I no longer feel a slave to the bottle. 

It’s a work in progress but I have now been sober since the day I met Ed, over 7 months ago. I am not an alcoholic nor ever was. I have forgiven myself for my drunken wrongs. Ed has given me a safe arena in which to lay down all my cards, work through my trauma and pain and discover I can live a better life.


It is not my old life- it is an enhanced life with far greater awareness, empathy and resilience. I feel empowered now. Ed has given me the confidence and tools to be able to trust myself to solve my own problems. He has effectively made himself redundant. I am lighter nowadays with much more joy in life. And that’s thanks to Ed. Give it a go. You’ll be surprised how strong you are and what you can achieve with the right help. 

Chronic alcohol dependency, like most ‘addictions’ are treated as diseases, and the general prognosis is poor. Abstinence is wished for and methods are simply – abstain and cling on.  

Little insight is given to the ‘why’s and the what’s’ of what is occurring for the individual. In fact, I have heard clients and people whom I know refer to being discouraged from therapy, for the reasoning that only an alcoholic can be understood by another alcoholic. Well yes, perhaps in the hell of it personally, but not necessarily in the architecture of what gives it strength. However, I would rather be on the operating table of a surgeon rather than the block of butcher. Both equally skilled with the knife, yet their starting position so different. The former considers the subject worth saving and improving, whilst the latter knows them already to be dead and beyond help. It is an an analogy which mootly sums up the attitude of a multi billion pound industry wherein no one appears to know what they are doing and the success rate languishes at approximately 5%. 

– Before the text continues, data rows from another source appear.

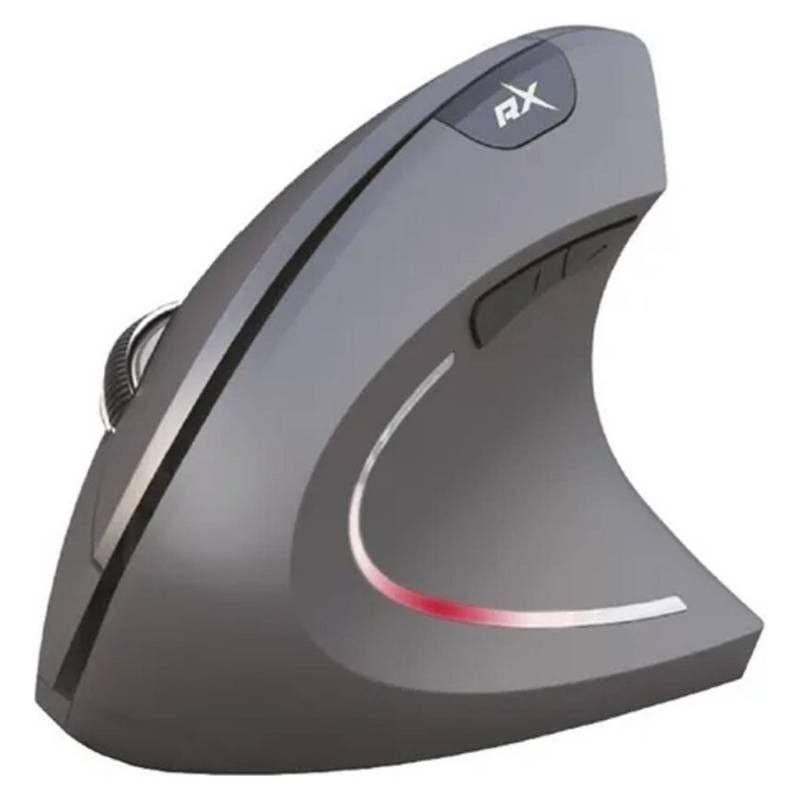 Mouse Ergonometrico Vertical Bluetooth Reptile X RX0053-0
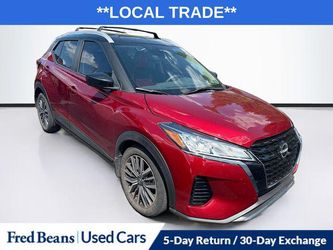 2024 Nissan Kicks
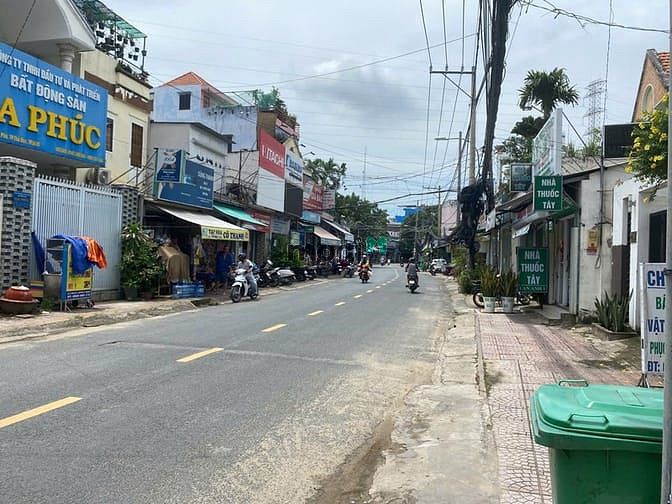 Hình ảnh Bán Lô Đất 121m2 Ngang 5.3m Mặt Tiền Đường Trương Văn Thành. Hiệp Phú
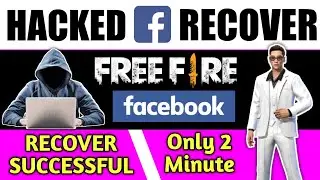 How to Recover Facebook Account - Fb Account Recovery | Facebook id Recover Kaise Karte Hain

Similarly therapists, key workers etc., often lack the specialist skills to get into the process and undo the mechanisms that 'are' the addiction. A learned set of behaviours. Where the prefrontal cortex, the thinking part of the brain is no longer utilised and therefore actions are 'reactive' and ingrained. They now operate from the striatum and function outside of conscious planning and control.

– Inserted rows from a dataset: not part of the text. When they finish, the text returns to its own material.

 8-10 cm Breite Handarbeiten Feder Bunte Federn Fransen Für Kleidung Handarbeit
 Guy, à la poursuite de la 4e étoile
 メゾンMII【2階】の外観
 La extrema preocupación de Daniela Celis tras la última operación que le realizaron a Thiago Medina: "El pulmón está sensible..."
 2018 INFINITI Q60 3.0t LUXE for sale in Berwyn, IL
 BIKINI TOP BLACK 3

What is missing is the sensitivity to the need for the healing of the confusion that has caused the dependency to never abate. The layers of erroneous thinking, complex emotional entanglement and lack of life structure and mechanisms that enable someone to lead a stable life. This needs to be done in a manner as working with a clean slate, and remaking a of a clean slate, mentally, emotionally and behaviourally. These elements are done in parallel. The focus is on the person, with an eye on the behavior. They are worked and integrated together with powerful integrative directives that can be tried and proven to work or not. Stimulation of the cognitive functions reinvigorates the prefrontal cortex and change begins to occur.  

A person is rebuilt from the inside out. And they come to understand themselves differently, by evidence of their own practice, the content of their minds, their feelings and behaviour. What can come out of this can be and is truly astonishing. I am for ever awed and humbled by what can be achieved. 


Fifteen years of quietly listening to people telling me what did not work for them, applying what does work and having the skill to piece this together in a cogent process has its merits. This incredible achievement in the case below I hope exemplifies the life a person can earn themselves by their brave efforts and desire for a better life. 

The work done by neuroscientist Marc Lewis and his book 'The Biology of Desire', explain what is it that is going on in addiction. Well worth a look - video here. My methods parallel his theory and were learnt in practice and study.